In Anbetracht der beschriebenen Vielzahl von möglichen Übertragungsstandards haben die Verbraucher keine Möglichkeit, sich rechtzeitig und sinnvoll auf die neue Situation einzustellen und sich mit entsprechenden Endgeräten einzudecken – im Unterschied übrigens zum digitalen Antennenfernsehen. Hier war der Sendestandard klar definiert und die Endgeräte mussten nur um ein kleines, verhältnismäßig preiswertes Zusatzteil ergänzt werden.

Der Gesetzentwurf der FDP-Fraktion ist deshalb vernünftig, logisch, ja zwingend nötig und leicht umzusetzen. Die Stichtagsregelung in § 4 Abs. 6 des Sächsischen Privatrundfunkgesetzes wird lediglich ersatzlos gestrichen. Damit entfällt die Pflicht zur Umstellung auf digitalen Hörfunk per 31. Dezember 2014.

Schon im Jahr 2000 hat die Bundesregierung die Initiative „Digitaler Rundfunk“ gestartet, die eine Umstellung von TV bis 2010 und von UKW bis 2016 vorsah.

Die Ministerpräsidentenkonferenz hat bereits 1997 den Startschuss für die Digitalisierung des Rundfunks gegeben. Beim Fernsehen wird dies am 31. Dezember 2009 abgeschlossen sein, ohne dass sich bisher Widerspruch dagegen geregt hätte.
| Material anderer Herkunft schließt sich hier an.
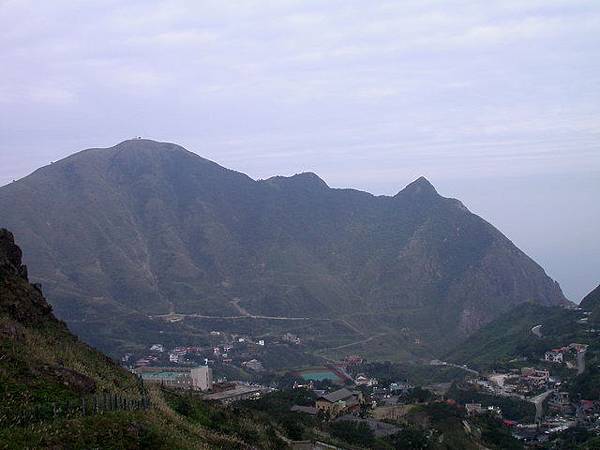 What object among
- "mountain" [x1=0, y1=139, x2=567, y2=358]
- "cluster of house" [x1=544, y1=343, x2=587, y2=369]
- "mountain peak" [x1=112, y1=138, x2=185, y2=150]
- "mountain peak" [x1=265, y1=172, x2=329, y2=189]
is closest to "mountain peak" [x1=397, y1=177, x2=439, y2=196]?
"mountain" [x1=0, y1=139, x2=567, y2=358]

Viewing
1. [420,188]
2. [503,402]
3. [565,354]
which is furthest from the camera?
[420,188]

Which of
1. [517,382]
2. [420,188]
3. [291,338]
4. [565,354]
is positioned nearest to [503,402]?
[517,382]

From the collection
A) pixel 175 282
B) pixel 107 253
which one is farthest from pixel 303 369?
pixel 107 253

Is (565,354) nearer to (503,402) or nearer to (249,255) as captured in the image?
(503,402)

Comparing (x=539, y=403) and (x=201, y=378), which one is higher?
(x=201, y=378)

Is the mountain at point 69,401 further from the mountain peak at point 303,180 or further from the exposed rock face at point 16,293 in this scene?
the mountain peak at point 303,180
Für den Hörfunk sollte ursprünglich ebenfalls dieser Termin gelten. Da jedoch die technische Entwicklung eine zeitnahe ausschließlich digitale Hörfunk-Versorgung noch nicht erlaubt, ist die Digitalisierungsfrist schon einmal bis 31. Dezember 2014 verlängert worden. Statt des von der FDP suggerierten „Schweinsgalopps“ hat der Gesetzgeber also für eine ausreichende Übergangsfrist gesorgt.